A.R.S. § 15-443, subsec. A, is as follows:
"Employment of school district personnel; limitation
"A. The board of trustees may at any time after the annual election and the qualification of new members, employ and fix the salaries of teachers, principals, janitors, attendance officers, school physician, school dentist, nurses, and other employees necessary for the succeeding year. The contracts of all certificated employees shall be in writing and all employees shall be employed subject to the provisions of § 38-481." (Emphasis supplied.)
Section 15-251 is the definition section in the area of teacher tenure and subsection B reads as follows:
"B. For the purpose set forth in subsection A, paragraph 2, the major portion of a school year shall be the equivalent of a year of employment in a school district." (Emphasis supplied.)
In 1965, A.R.S. § 23-351 was amended by adding subsection B(2) which reads as follows:
"2. In case of certificated employees of school districts under contract pursuant to § 15-443 and clerical employees, the annual salary may be prorated in any number of payments, and all such payments still due at the close of the school year may be paid in a lump sum." (Emphasis supplied.)
The evidence in the formal hearing established that the petitioner was free to teach during the portion of the year not expressly covered by the contract in which event she would have a separate employment contract or endorsement. It was also established that the petitioner was free to engage in unrelated employment during the period not covered by the dates set forth in the contract. In other words, except for the times specified in the contract or the endorsement, her time was her own. All participants concede that in the absence of summer teaching employment with the respondent school district, petitioner would not be covered by the respondent's workmen's compensation policy if she should be injured during that portion of the year not embraced within the dates set forth in the above quoted endorsement.

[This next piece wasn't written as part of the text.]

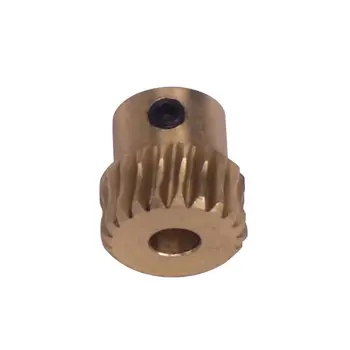 

1pair 0.5 Modulus Small Reduction Ratio of 1:10 Motor Output Copper Worm Wheel Gear For DIY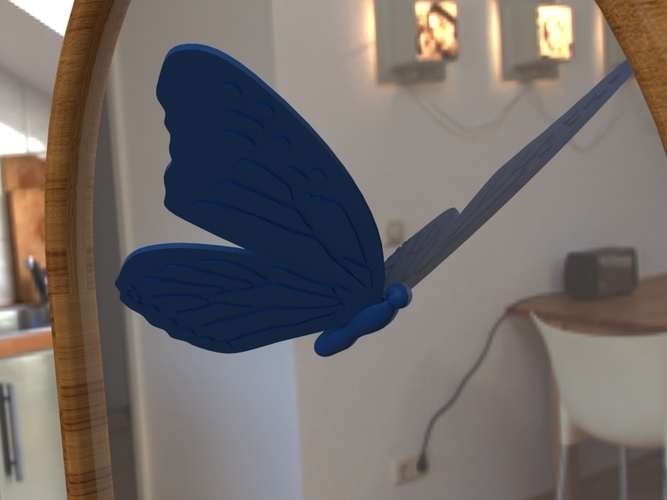 Half Butterfly Mirror Accessory 3D Print 238487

The evidence established that some personnel of the respondent school district received a salary for each of the 12 months of the "school year" A.R.S. § 15-301, subsec. A, this being the fiscal year of all school districts. A.R.S. § 15-443, subsec. A specifies some of the personnel who might receive a salary for each of the 12 months of the year and an examination thereof indicates that such personnel might be or might not be educators or intimately associated with the education process.
There was testimony with reference to the manner in which a school district could pay salaries under the provisions of A.R.S. § 23-351, subsec. B(2). Teachers could be paid in 24 semi-monthly installments. Teachers could be paid during the school term in 2 semi-monthly installments for each month, each month equaling 1/12th of the overall salary with a "balloon payment" being made at the time of the last payment during the school term. Teachers could be paid in the same manner in which *522 the petitioner was paid. These various options are within the discretion of the individual school districts.
In its Award The Industrial Commission held that the petitioner's employment was seasonal. Seasonal employment is defined in Pettis v. Industrial Commission, 91 Ariz. 298, 372 P.2d 72 (1962). In our opinion the Pettis definition does not apply to the teaching profession and we hold that petitioner's employment was not seasonal.
We hold that the petitioner's employment was a matter of contract, that she was employed for approximately nine months during the "school year" in question and that her average monthly wage was $910.46, being the total of the two semi-monthly pay checks of $455.23 each.
The Award is set aside.
CAMERON, C.J., and DONOFRIO, J., concur.